As Brexit brings on a wave of uncertainty and disruption for UK businesses, procurement departments are on the front line. In “How Brexit will impact UK procurement”, The Raconteur discusses the consequences, as well as steps businesses can take to minimize damage to their supply chains. Colin Sharp, SVP EMEA of C2FO, shares his insight on Brexit and gives advice for UK businesses.
Currently, only a minority of companies are considering a variety of Brexit outcomes. Most businesses are still waiting to see what happens, in hopes that nothing will change. However, industry experts encourage businesses to plan now and prepare for various outcomes.
Consequences include changes in contract terms, identity of suppliers and the possibility of trade tariffs. A recent study found that almost half of European businesses with UK suppliers are finding replacements in the EU or are trying to lower supplier prices. Such activities could potentially create a dangerous cycle throughout the supply chain.
In efforts to prepare for Brexit, companies are seeking highly qualified procurement professionals to make sure any changes have limited impact.
Brexit will not only impact the UK and EU countries. “Every supply chain is international”, says David Lowe, partner at Gowling WLG. Brexit will surely impact international trade, regulations and tariffs. On the other hand, if the UK will no longer be tied to EU trade regulations, UK businesses will be able to do deals in Asia or the US. This opens up a lot of room for business opportunities and expansion.
“If the UK leaves the single market, but stays in the customs union then changes will be moderate,” Lowe adds. “But harder Brexit will potentially have much more significant impacts.”
Aside from how severe Brexit will be, another uncertainty is when the changes will take place. Some believe it will happen as soon as 2019, others say it will take longer than that.
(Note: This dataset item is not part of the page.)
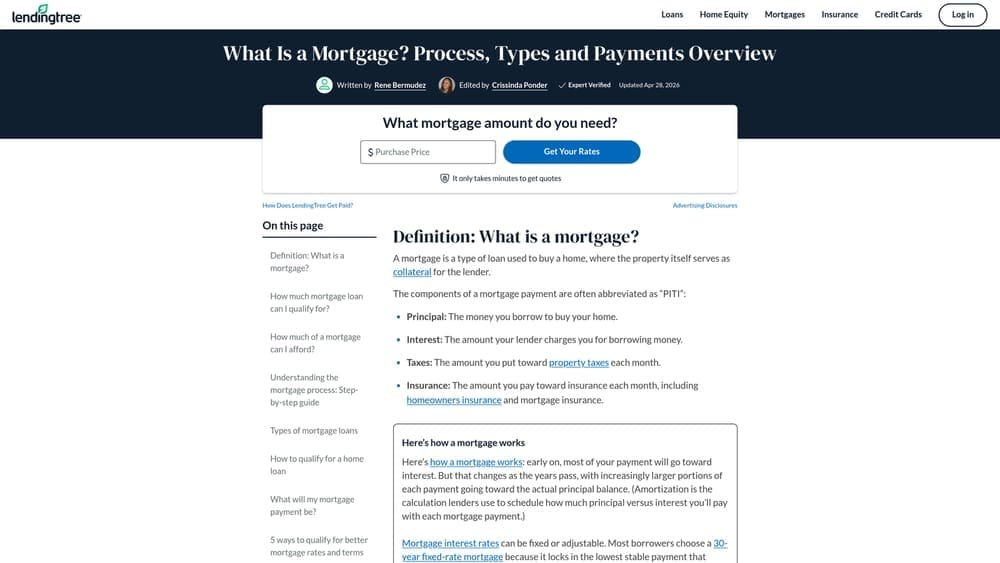 Screenshot of LendingTree Mortgage Rate Marketplace website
Colin Sharp of C2FO, says businesses will have to plan in advance for various Brexit outcomes and have to conduct supplier risk assessments more often. “By building supply chain redundancy and flexibility, as well as defining a portfolio of real options in advance, these teams will almost certainly mitigate potential disruptions”, says Sharp. He also advises that businesses to evaluate what effect replacing a supplier based on significance and location, would have on the business.